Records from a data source
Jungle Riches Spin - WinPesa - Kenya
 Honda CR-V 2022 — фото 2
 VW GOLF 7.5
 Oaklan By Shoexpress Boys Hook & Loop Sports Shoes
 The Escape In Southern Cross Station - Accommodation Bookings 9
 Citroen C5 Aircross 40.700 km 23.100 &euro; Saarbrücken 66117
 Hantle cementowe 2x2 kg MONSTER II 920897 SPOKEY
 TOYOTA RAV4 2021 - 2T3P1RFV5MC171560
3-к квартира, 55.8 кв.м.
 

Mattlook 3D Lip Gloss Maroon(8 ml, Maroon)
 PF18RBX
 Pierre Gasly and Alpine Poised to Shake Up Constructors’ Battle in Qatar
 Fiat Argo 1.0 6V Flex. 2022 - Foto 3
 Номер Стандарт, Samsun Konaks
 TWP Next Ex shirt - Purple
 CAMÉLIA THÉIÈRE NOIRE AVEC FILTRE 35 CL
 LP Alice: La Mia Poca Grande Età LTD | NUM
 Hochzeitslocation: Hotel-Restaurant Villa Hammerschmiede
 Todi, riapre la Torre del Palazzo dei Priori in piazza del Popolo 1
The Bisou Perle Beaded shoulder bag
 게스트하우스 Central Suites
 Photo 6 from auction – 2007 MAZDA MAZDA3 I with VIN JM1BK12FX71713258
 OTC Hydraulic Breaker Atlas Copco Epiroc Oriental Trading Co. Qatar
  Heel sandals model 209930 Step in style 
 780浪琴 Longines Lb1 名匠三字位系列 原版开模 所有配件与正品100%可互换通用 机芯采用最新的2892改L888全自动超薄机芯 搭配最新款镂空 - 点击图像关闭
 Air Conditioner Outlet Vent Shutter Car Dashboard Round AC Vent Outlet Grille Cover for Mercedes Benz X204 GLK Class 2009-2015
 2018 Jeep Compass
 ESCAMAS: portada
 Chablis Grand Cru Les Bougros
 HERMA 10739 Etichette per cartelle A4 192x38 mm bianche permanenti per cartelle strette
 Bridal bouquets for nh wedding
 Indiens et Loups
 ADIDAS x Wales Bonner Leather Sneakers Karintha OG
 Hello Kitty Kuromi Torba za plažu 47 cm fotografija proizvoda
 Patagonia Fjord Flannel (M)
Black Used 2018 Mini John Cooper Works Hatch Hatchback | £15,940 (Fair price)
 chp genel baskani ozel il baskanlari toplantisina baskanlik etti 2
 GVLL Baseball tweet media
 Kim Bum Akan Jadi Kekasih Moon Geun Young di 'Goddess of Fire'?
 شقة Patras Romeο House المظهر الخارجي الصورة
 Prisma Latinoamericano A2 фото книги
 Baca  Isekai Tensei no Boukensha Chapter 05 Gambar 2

** WHAT YOU NEED TO DO **
Please write out the entries exactly, keeping every line intact.

** RESPONSE BOX **
Jungle Riches Spin - WinPesa - Kenya
 Honda CR-V 2022 — фото 2
 VW GOLF 7.5
 Oaklan By Shoexpress Boys Hook & Loop Sports Shoes
 The Escape In Southern Cross Station - Accommodation Bookings 9
 Citroen C5 Aircross 40.700 km 23.100 &euro; Saarbrücken 66117
 Hantle cementowe 2x2 kg MONSTER II 920897 SPOKEY
 TOYOTA RAV4 2021 - 2T3P1RFV5MC171560
3-к квартира, 55.8 кв.м.
 

Mattlook 3D Lip Gloss Maroon(8 ml, Maroon)
 PF18RBX
 Pierre Gasly and Alpine Poised to Shake Up Constructors’ Battle in Qatar
 Fiat Argo 1.0 6V Flex. 2022 - Foto 3
 Номер Стандарт, Samsun Konaks
 TWP Next Ex shirt - Purple
 CAMÉLIA THÉIÈRE NOIRE AVEC FILTRE 35 CL
 LP Alice: La Mia Poca Grande Età LTD | NUM
 Hochzeitslocation: Hotel-Restaurant Villa Hammerschmiede
 Todi, riapre la Torre del Palazzo dei Priori in piazza del Popolo 1
The Bisou Perle Beaded shoulder bag
 게스트하우스 Central Suites
 Photo 6 from auction – 2007 MAZDA MAZDA3 I with VIN JM1BK12FX71713258
 OTC Hydraulic Breaker Atlas Copco Epiroc Oriental Trading Co. Qatar
  Heel sandals model 209930 Step in style 
 780浪琴 Longines Lb1 名匠三字位系列 原版开模 所有配件与正品100%可互换通用 机芯采用最新的2892改L888全自动超薄机芯 搭配最新款镂空 - 点击图像关闭
 Air Conditioner Outlet Vent Shutter Car Dashboard Round AC Vent Outlet Grille Cover for Mercedes Benz X204 GLK Class 2009-2015
 2018 Jeep Compass
 ESCAMAS: portada
 Chablis Grand Cru Les Bougros
 HERMA 10739 Etichette per cartelle A4 192x38 mm bianche permanenti per cartelle strette
 Bridal bouquets for nh wedding
 Indiens et Loups
 ADIDAS x Wales Bonner Leather Sneakers Karintha OG
 Hello Kitty Kuromi Torba za plažu 47 cm fotografija proizvoda
 Patagonia Fjord Flannel (M)
Black Used 2018 Mini John Cooper Works Hatch Hatchback | £15,940 (Fair price)
 chp genel baskani ozel il baskanlari toplantisina baskanlik etti 2
 GVLL Baseball tweet media
 Kim Bum Akan Jadi Kekasih Moon Geun Young di 'Goddess of Fire'?
 شقة Patras Romeο House المظهر الخارجي الصورة
 Prisma Latinoamericano A2 фото книги
 Baca  Isekai Tensei no Boukensha Chapter 05 Gambar 2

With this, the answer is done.